Overview of the dive:

Inquiry comes amid concerns rising energy prices and how they might affect consumer debt.

The letters note that total utility backlogs increased by 10% from 2020 to 2021, with the average backlog increasing by more than 20% during this period. “These trends, coupled with rising energy prices and the destabilization of volatile global energy markets following the crisis in Ukraine, are of particular concern for low-income families,” the lawmakers said. from the room.

At the height of the pandemic in 2020 and 2021, many states implemented moratoriums on utility cuts.
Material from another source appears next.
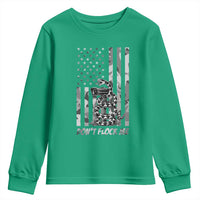 Rattlesnake Surveillance Camera US Flag Camo Graphic Youth Sweatshirt Dont Flock Me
A National Association of Utility Regulatory Commissioners state shutdown moratoria map The latest update in September indicates that all mandatory COVID-related bans on utility disconnects expired or were due to end early this year.
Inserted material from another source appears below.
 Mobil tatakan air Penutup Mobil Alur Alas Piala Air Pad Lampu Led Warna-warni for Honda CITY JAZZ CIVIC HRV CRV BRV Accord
Utility companies that have received letters from the committee have been listed in a September report by nonprofits Bailout Watch and the Center for Biological Diversity as having the most pandemic shutdowns among “selected” utilities.

Combined, the six companies received $1 billion in benefits from the Aid, relief and economic security against the coronavirus Act, and they cut power to more than 930,500 homes between July 2020 and June 2021, representing 94% of power utility cuts, according to the report.

“In the spring of 2020, the utility industry argued before this committee, as well as other committees and agencies, that a federal mandatory shutdown[-]a moratorium was not needed because a patchwork of state and local moratoriums had already begun to take shape,” the Democratic lawmakers said in the letters.

Among other things, lawmakers asked utilities to outline their plans to meet the needs of their “most vulnerable” customers and provide an assessment of energy assistance needs in their service territories and whether expiration of the expansion of the child tax credit at the end of last year could lead to more blockages.

Senate Democrats in the fall of 2020 took a similar look how utilities dealt with the financial challenges that some of their customers were facing during the pandemic.

Over the past two years, Dominion has helped customers in a number of ways, including working with stakeholders to provide over $200 million in arrears; suspend disconnections for non-payment, first voluntarily, then in accordance with state orders; increase business financing Energy Sharing heating and cooling assistance program; and connecting customers to other energy assistance programs, such as the Low-Income Household Energy Assistance Program, Dominion spokesman Ryan Frazier said in an email.

Exelon utilities have taken various measures during the COVID-19 pandemic to support their customers, such as connecting more than 650,000 customers to $430 million in energy assistance last year, according to Nicholas Alexopulos, a company spokesperson.

“Our utilities have suspended terminations prior to state terms,” ​​Alexopulos said in an email. “At the height of the pandemic – when a financial safety net was vital for our most vulnerable residential customers – we also increased flexible payment plan options and reconnect service for those whose electricity had already run out. been interrupted.”

Duke prepares to respond to the committee, Keith Richardson, a spokesperson for the company, said. Other utilities involved in the panel’s investigation did not respond to requests for comment.

Editor’s note: We’ve updated the story to include comments from Exelon. Also, a previous version of this story got it wrong in its description of state shutdown bans. Wyoming has not banned utility cuts.